In [122]: df = pd.DataFrame(data={'Case' : ['A','A','A','B','A','A','B','A','A'],
.....: 'Data' : np.random.randn(9)})
.....:
In [123]: dfs = list(zip(*df.groupby((1*(df['Case']=='B')).cumsum().rolling(window=3,min_periods=1).median())))[-1]
In [124]: dfs[0]
Out[124]:
Case Data
0 A 0.174068
1 A -0.439461
2 A -0.741343
3 B -0.079673
In [125]: dfs[1]
Out[125]:
Case Data
4 A -0.922875
5 A 0.303638
6 B -0.917368
In [126]: dfs[2]
Out[126]:
Case Data
7 A -1.624062
8 A -0.758514
Pivot
The Pivot docs.
In [127]: df = pd.DataFrame(data={'Province' : ['ON','QC','BC','AL','AL','MN','ON'],
.....: 'City' : ['Toronto','Montreal','Vancouver','Calgary','Edmonton','Winnipeg','Windsor'],
.....: 'Sales' : [13,6,16,8,4,3,1]})
.....:
In [128]: table = pd.pivot_table(df,values=['Sales'],index=['Province'],columns=['City'],aggfunc=np.sum,margins=True)
In [129]: table.stack('City')
Out[129]:
Sales
Province City
AL All 12.0
Calgary 8.0
Edmonton 4.0
BC All 16.0
Vancouver 16.0
MN All 3.0
Winnipeg 3.0
... ...
All Calgary 8.0
Edmonton 4.0
Montreal 6.0
Toronto 13.0
Vancouver 16.0
Windsor 1.0
Winnipeg 3.0
[20 rows x 1 columns]
Frequency table like plyr in R
In [130]: grades = [48,99,75,80,42,80,72,68,36,78]

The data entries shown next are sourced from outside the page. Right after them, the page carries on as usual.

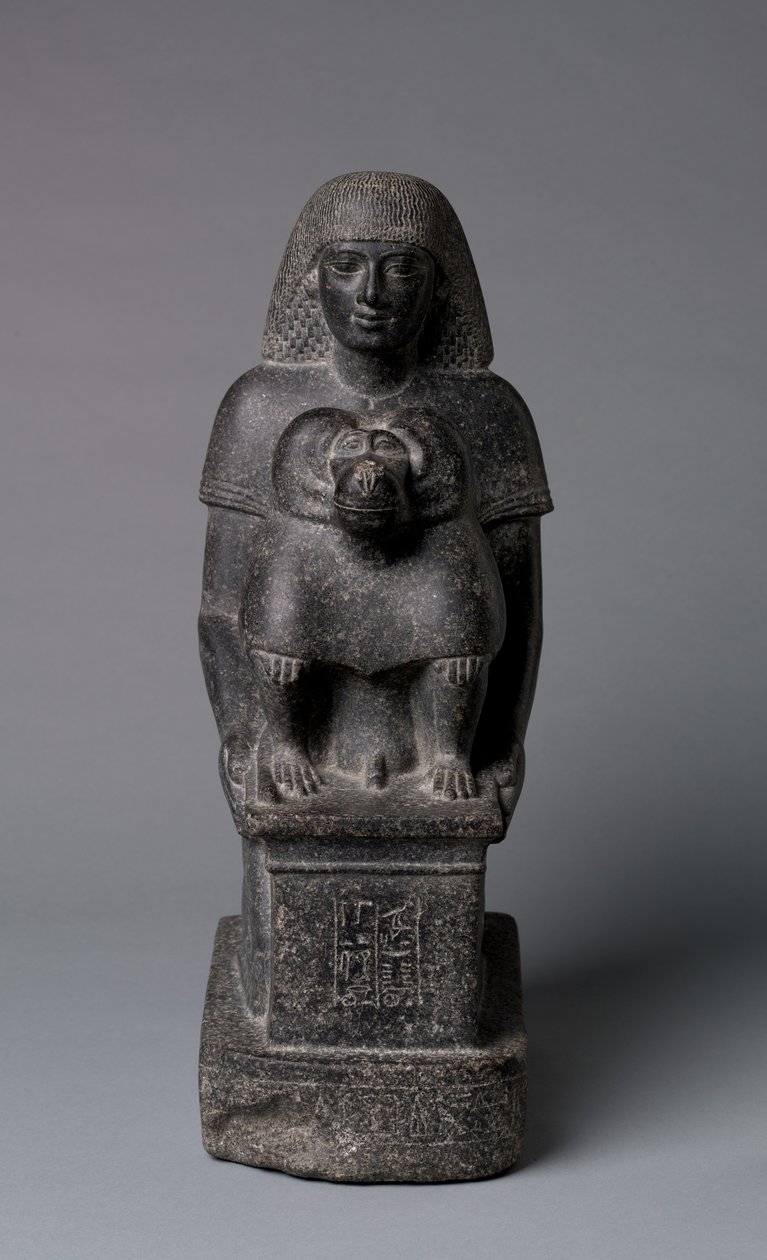 Standbeeld van Minemheb, ca. 1391-1353 door Egyptian 18th Dynasty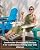 Serique Folding Adirondack Rocking Chair,4-in-1 Multifunctional Patio Chair with Retractable Ottoman, Outdoor Chair Wood Texture, Lawn Chair for Porch, Backyard, Pool(Pacific Blue)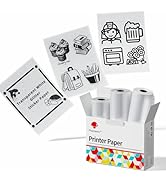 Phomemo Silvery Self-Adhesive Thermal Paper, Glossy Printable Sticker Paper Label for Phomemo M02...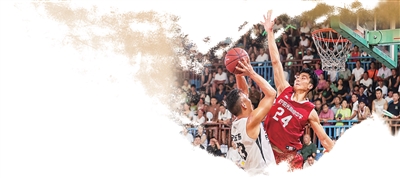 貴州臺江縣臺盤村，2025年“村BA”球王爭霸賽貴州賽區決賽現場。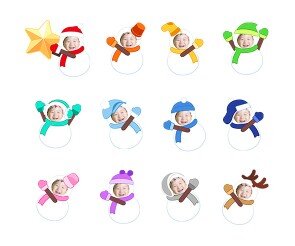 눈사람 합성이미지 12종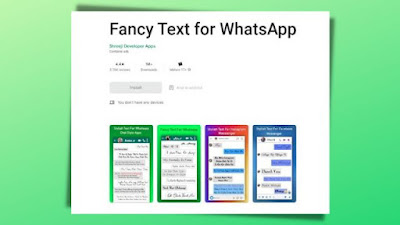 fancy text for whatsapp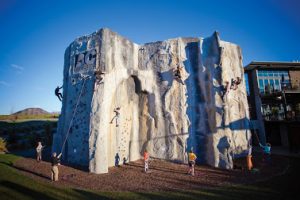 Basecamp Wanaka Climbing Centre offers a standard rock climbing wall with top rope, lead and bouldering inside and outside, as well as Clip 'n Climb.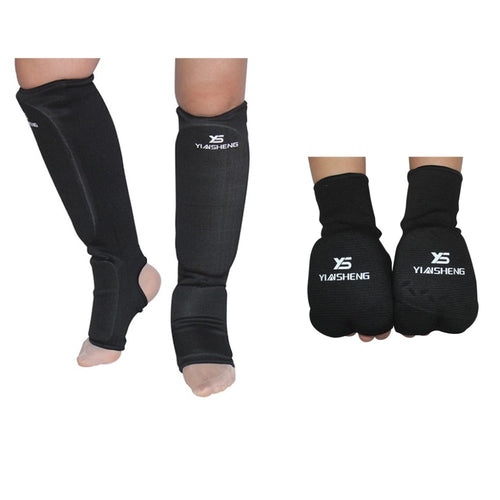 Taekwondo glove foot protector karate sparing hand feet guard TKD ankle guard Martial arts protection half finger glove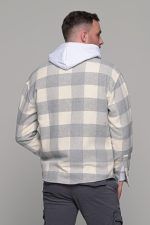 poykamiso-fanelenio-andriko-man-men-casual-kathimerino-jacket-karo-grey-gkri-gri-gre-white-leuko-leyko-me-giaka-koympia-shirt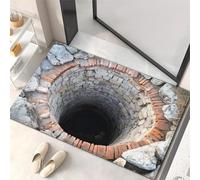 Tappeto 3D Illusione Tappeto ad Illusione Ottica Zerbino Pozzo Senza Fondo | Tappeto 3D Illusione È Uno Zerbino Halloween Spaventoso E Una Decorazione Autunnale Per Il Tuo Soggiorno E Portico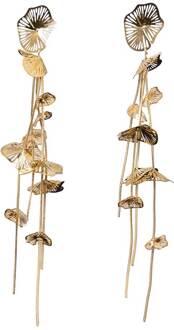 Oorbellen Petal String  goud - One Size,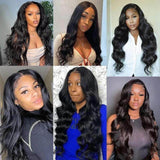 13x4 HD Clear Lace Front Wig Body Wave Brazilian Virgin Human Hair Frontal Wigs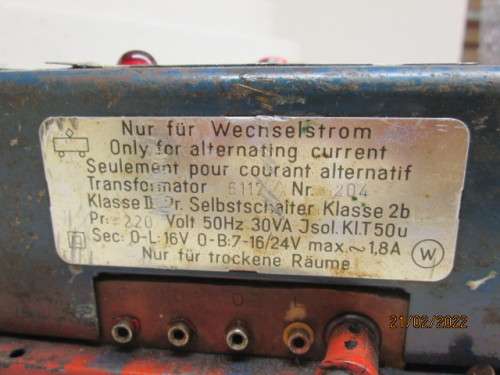 HO SCALE : MARKLIN TRANSFORMER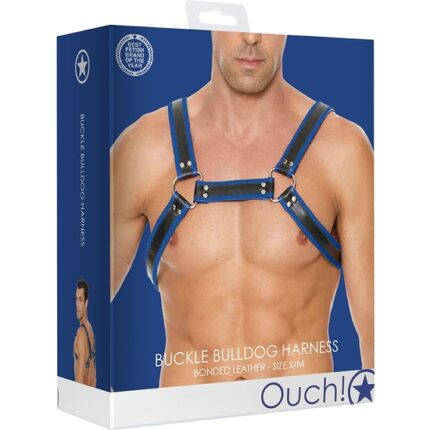 BUCKLE BULLDOG HARNESS - AZUL - 002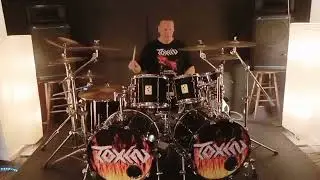 Mike Kramer practice Thrash Metal Drums August 2023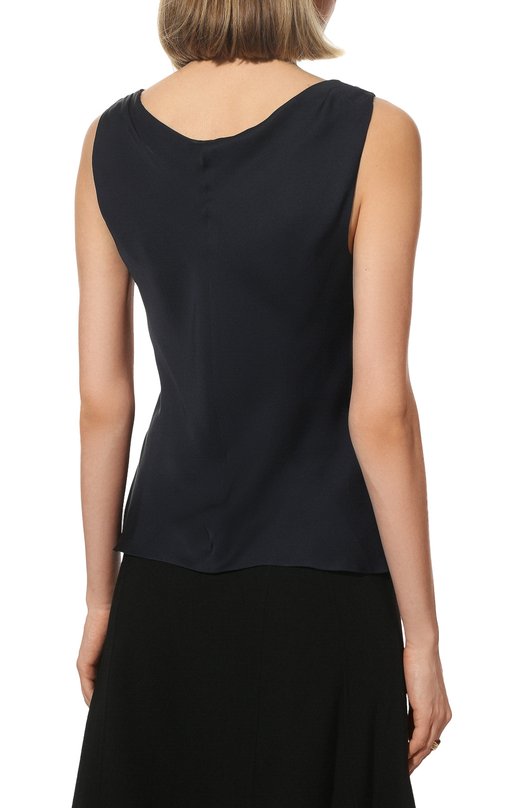 Шелковый топ Giorgio Armani 8CHCKZ30/TZ136 Синий  8CHCKZ30/TZ136 Фото 4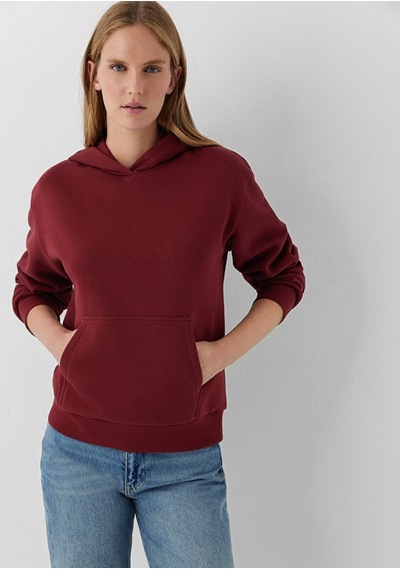 Mavi Kapişonlu Sweatshırt Koyu Bordo Bordo Kadın Sweatshirt M167299-85347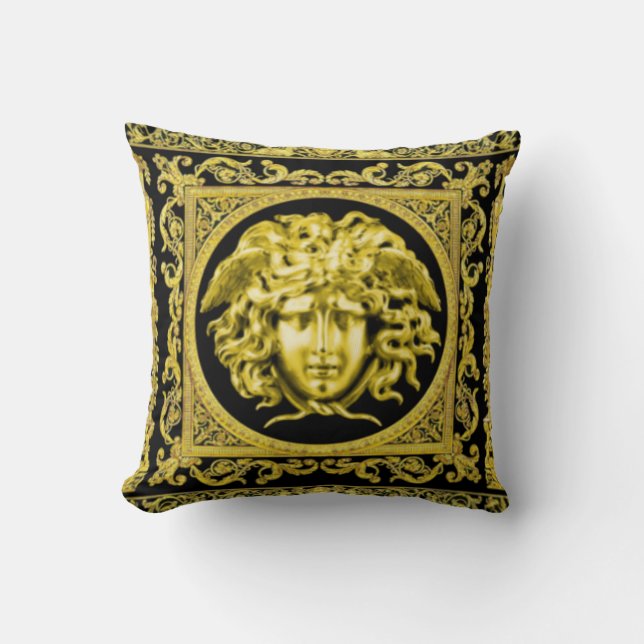 Coussin MEDUSA de la statue de Persée par Rondanini (Recto)
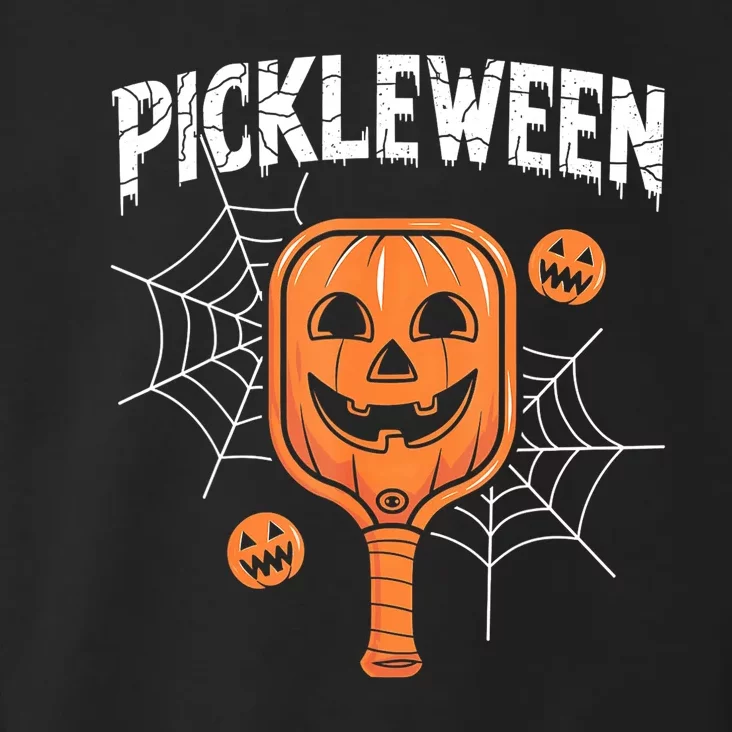 Funny Pickleween Halloween Pickleball Players Gift Toddler Hoodie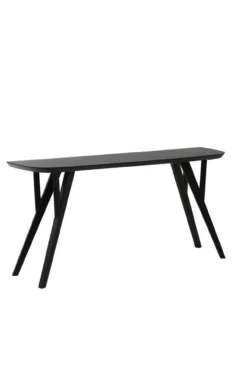 Console acacia wood matt black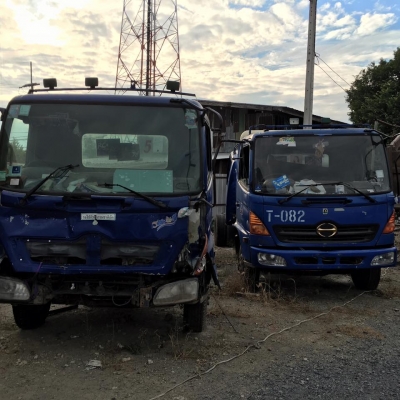 **2คัน 690,000 บ.ต่อรอง/// แพ็คคู่ หัว-คัสซี 6ล้อ HINO MEGA FC4J JO5C-150HP(CNGล้วน)ยูโร-2 ปี46 5.50ม. จำนวน2คัน ตามสภาพ เอกสารเล่มทะเบียน ม.79 **ขาย หัว-คัสซี HINO MEGA FC4J 150แรง CNG ล้วน 6ล้อช่วงยาว 5.50ม. ตามสภาพ จำนวน2คัน เอกสารเล่มทะเบียน ม.79 หรือ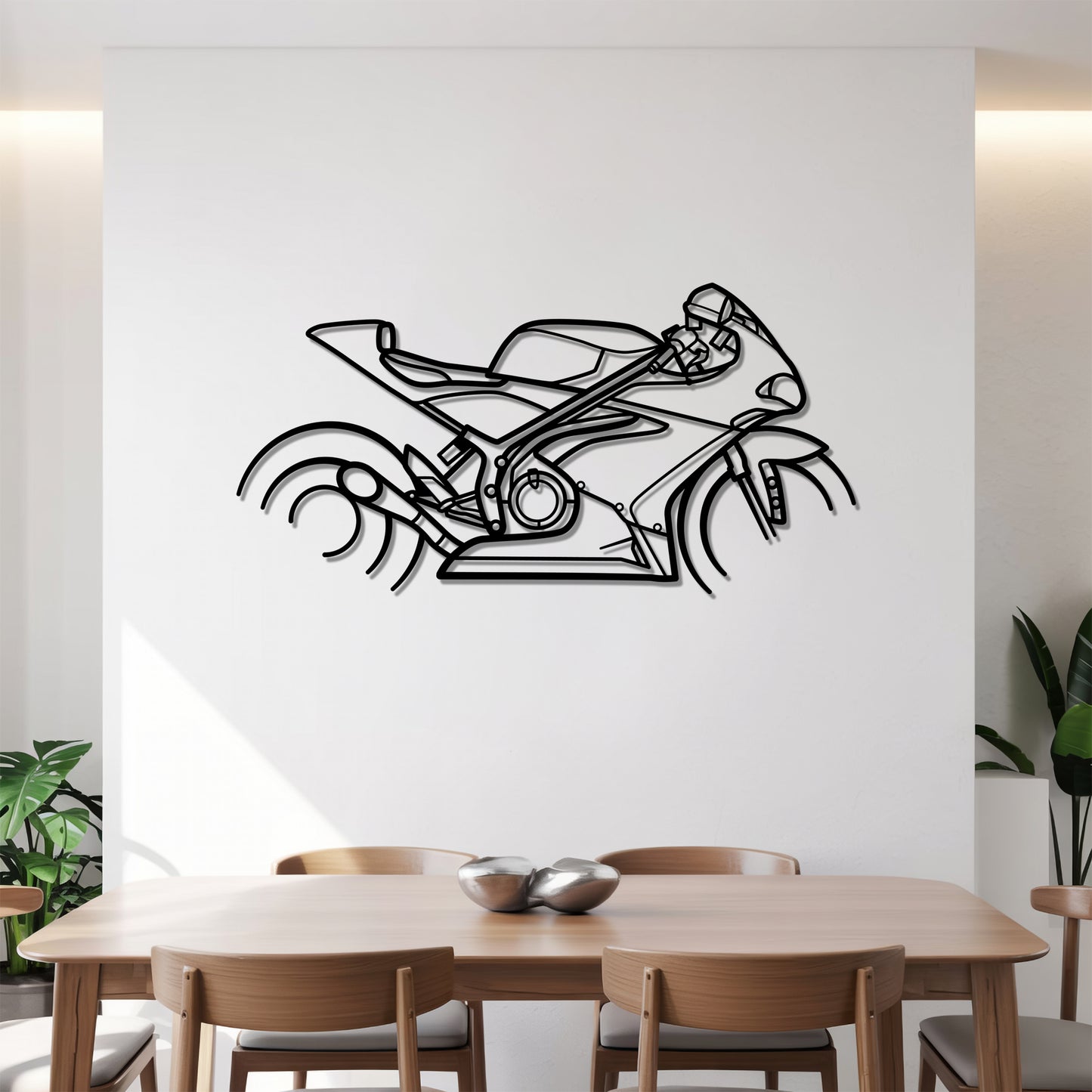 V4SV - Motorcycle Metal Silhouette Wall Art - Bikers Gift - Garage Decor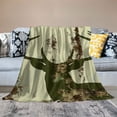 thumbnail image 2 of ONETECH Deer Camouflage Throw Blanket Cozy Plush Camo Hunting Flannel Ultra Soft Blankets Unisex Lightweight Fuzzy Gifts for Adult Men Bed Couch Sofa Kids, 2 of 6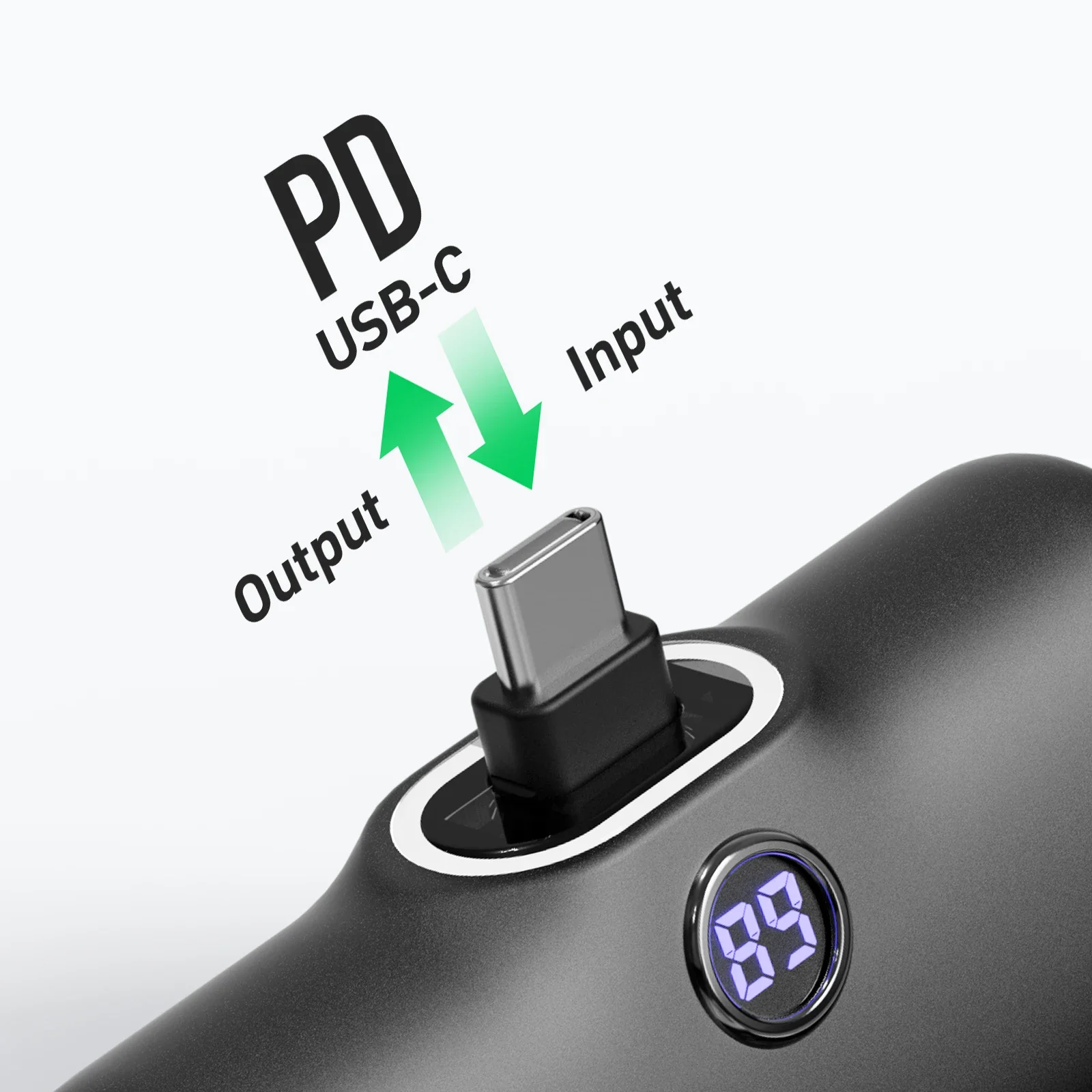 iWALK USB - C Power Bank | 18W PD Fast Charge | Built - in Plug | Mini Portable | LED Display | For Phones/VR/Earbuds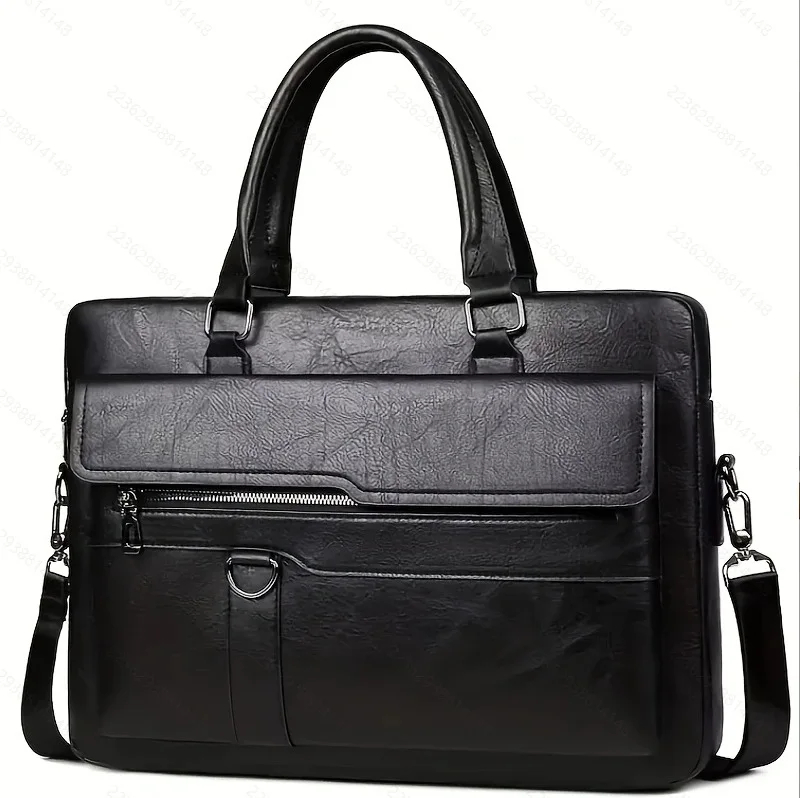 The Arizona Collection Custom Executive Vegan Leather Laptop Briefcase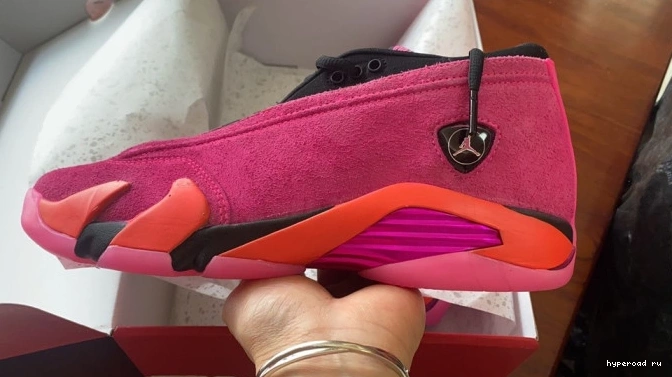 DH4121-600 (W) Pink 14 Jordan Shocking Low Retro 0527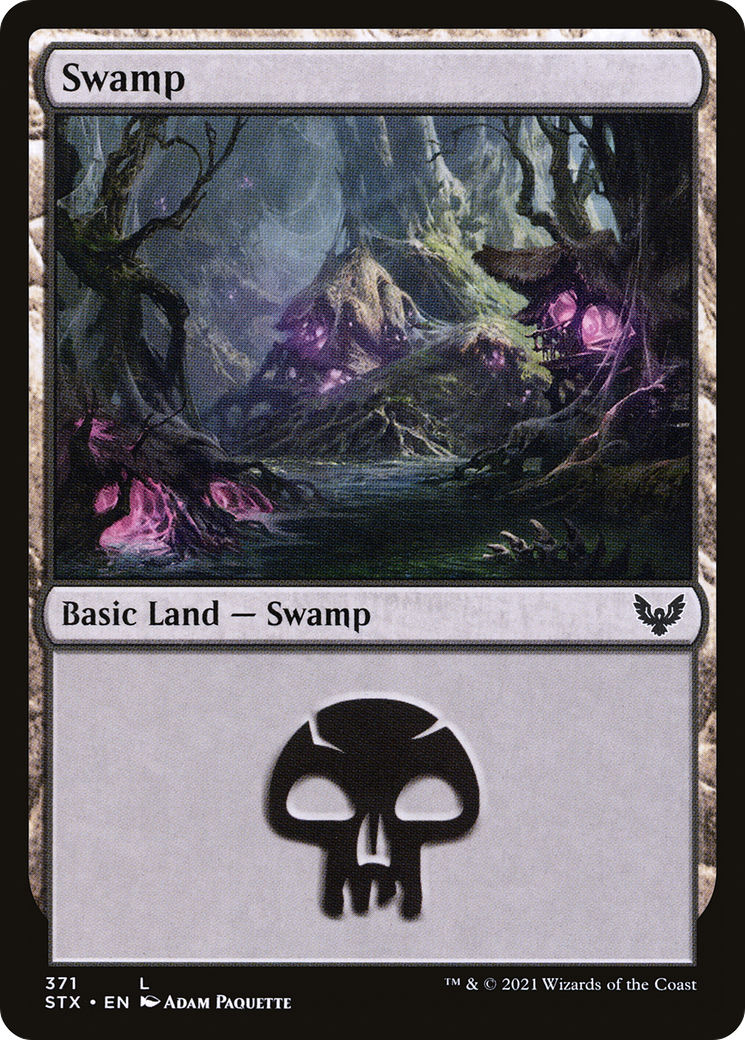 Image of Swamp (371) [Strixhaven: School of Mages]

In [131]: df = pd.DataFrame( {'ID': ["x%d" % r for r in range(10)],
.....: 'Gender' : ['F', 'M', 'F', 'M', 'F', 'M', 'F', 'M', 'M', 'M'],
.....: 'ExamYear': ['2007','2007','2007','2008','2008','2008','2008','2009','2009','2009'],
.....: 'Class': ['algebra', 'stats', 'bio', 'algebra', 'algebra', 'stats', 'stats', 'algebra', 'bio', 'bio'],
.....: 'Participated': ['yes','yes','yes','yes','no','yes','yes','yes','yes','yes'],
.....: 'Passed': ['yes' if x > 50 else 'no' for x in grades],
.....: 'Employed': [True,True,True,False,False,False,False,True,True,False],
.....: 'Grade': grades})
.....:
In [132]: df.groupby('ExamYear').agg({'Participated': lambda x: x.value_counts()['yes'],
.....: 'Passed': lambda x: sum(x == 'yes'),
.....: 'Employed' : lambda x : sum(x),
.....: 'Grade' : lambda x : sum(x) / len(x)})
.....:
Out[132]:
Participated Passed Employed Grade
ExamYear
2007 3 2 3 74.000000
2008 3 3 0 68.500000
2009 3 2 2 60.666667
Plot pandas DataFrame with year over year data
To create year and month crosstabulation:
In [133]: df = pd.DataFrame({'value': np.random.randn(36)},
.....: index=pd.date_range('2011-01-01', freq='M', periods=36))
.....:
In [134]: pd.pivot_table(df, index=df.index.month, columns=df.index.year,
.....: values='value', aggfunc='sum')
.....:
Out[134]:
2011 2012 2013
1 -0.560859 0.120930 0.516870
2 -0.589005 -0.210518 0.343125
3 -1.070678 -0.931184 2.137827
4 -1.681101 0.240647 0.452429
5 0.403776 -0.027462 0.483103
6 0.609862 0.033113 0.061495
7 0.387936 -0.658418 0.240767
8 1.815066 0.324102 0.782413
9 0.705200 -1.403048 0.628462
10 -0.668049 -0.581967 -0.880627
11 0.242501 -1.233862 0.777575
12 0.313421 -3.520876 -0.779367
Apply
Rolling Apply to Organize - Turning embedded lists into a multi-index frame
In [135]: df = pd.DataFrame(data={'A' : [[2,4,8,16],[100,200],[10,20,30]], 'B' : [['a','b','c'],['jj','kk'],['ccc']]},index=['I','II','III'])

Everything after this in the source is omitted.